ACTIVITY | Your answer must be the full listing, word for word, with no images in it.

SOURCE MATERIAL |
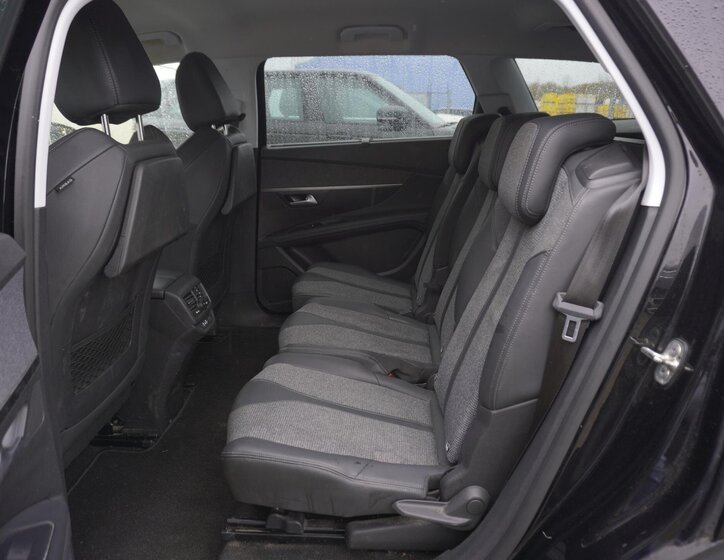 Peugeot 5008 SUV 1,2 l 96 kw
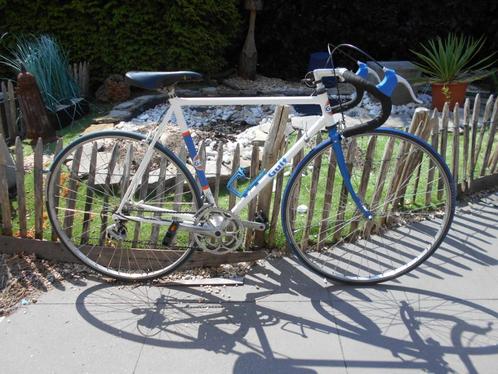 Te koop 2 vintages koersfietsen 1 GULF 1 CHESINI in nieuwsta, Fietsen en Brommers, Fietsen | Racefietsen, Zo goed als nieuw, Overige merken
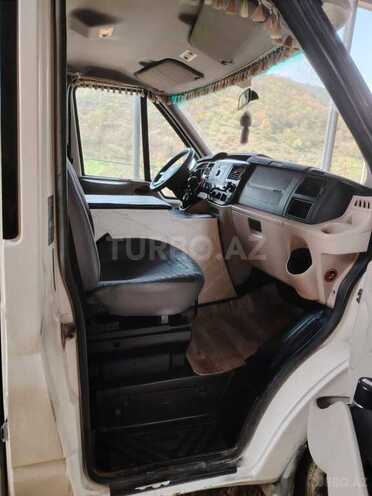 Ford Transit-14
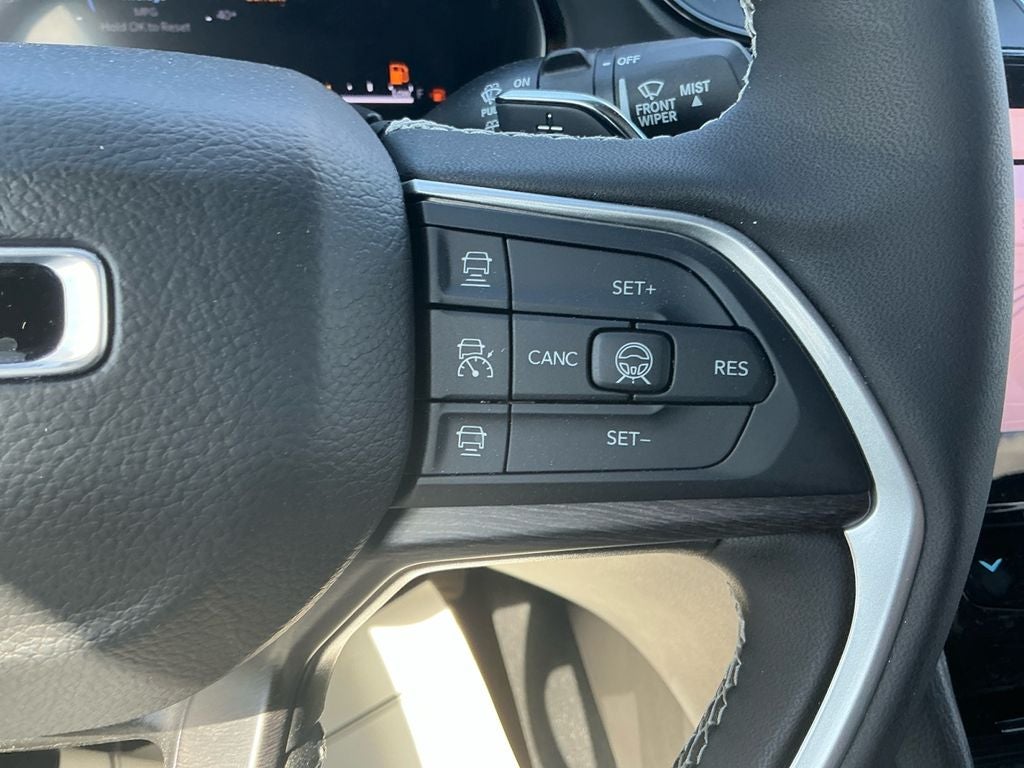 2026 Jeep Grand Cherokee Laredo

ANSWER SPACE |
 Peugeot 5008 SUV 1,2 l 96 kw
 Te koop 2 vintages koersfietsen 1 GULF 1 CHESINI in nieuwsta, Fietsen en Brommers, Fietsen | Racefietsen, Zo goed als nieuw, Overige merken
 Ford Transit-14
 2026 Jeep Grand Cherokee Laredo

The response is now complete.